The German sugar firm came to an agreement to buy Danisco Sugar in July 2008 for an enterprise value of DKK 5.6 bn, with the addition of around DKK 600 m from sale of EU sugar quota. This amounts to a total of around €750m.
In November the German competition authorities initiated the second stage of the review. The initial deadline for this was given as 26th January.
However Heiner Reiners, a spokesperson for Nordzucker, told FoodNavigator.com: “During conversations with the Bundeskartellamt we learned that there are some questions left that simply need more time to be adequately answered.”
As a result, Nordzucker has asked for more time, until 20th February, to provide more answers. According to Reiners, the company’s view is that there is no need to reach a decision under pressure to close the transaction as soon as possible.
While he was unable to give details on what aspects of the deal are under discussion, it is possible that fulfilment will have some preconditions attached.
However the sheer size of the deal, and the fact that it is “the largest in the industry for many years, and the first of this size under the new sugar regime” means the buyer was prepared for considerable scrutiny.
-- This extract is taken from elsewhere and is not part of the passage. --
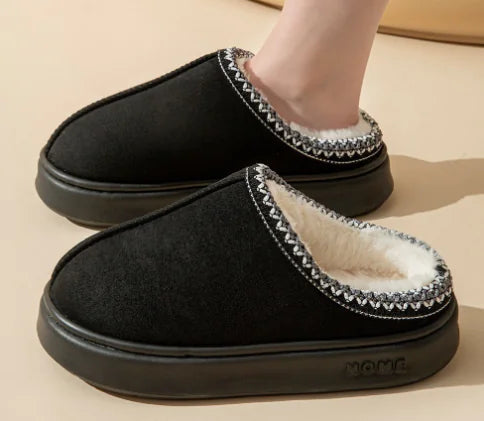 Fluffy Plush Winter Slippers for Women (One Pair)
Reiner said that the final decision could also be relevant for deals in the future. “It is logical that [Bundeskartellamt] is interested in a thorough investigation.”
As for Danisco, it has issued a statement saying that it still expects the sale to be completed at the beginning of 2009, and has no further comments at this juncture.
Competition rules regarding mergers and acquisitions in the EU-27 bloc dictate that deals concerning companies generating between €500 million and €5 billion in revenue worldwide, and €25 million in the national country, will be dealt with by competition authorities in the pertinent national country.
When the firms exceed €5billion worldwide in revenue, and €250 million within the EU, it is the competition body in Brussels that takes the mantle for investigating, and giving clearance, or not, on the deal.
One exception to this rule is when two-thirds of the revenue is generated by the firms in one country. When this is the case, the national competition authority can investigate the deal and permit, or deny, the go-ahead.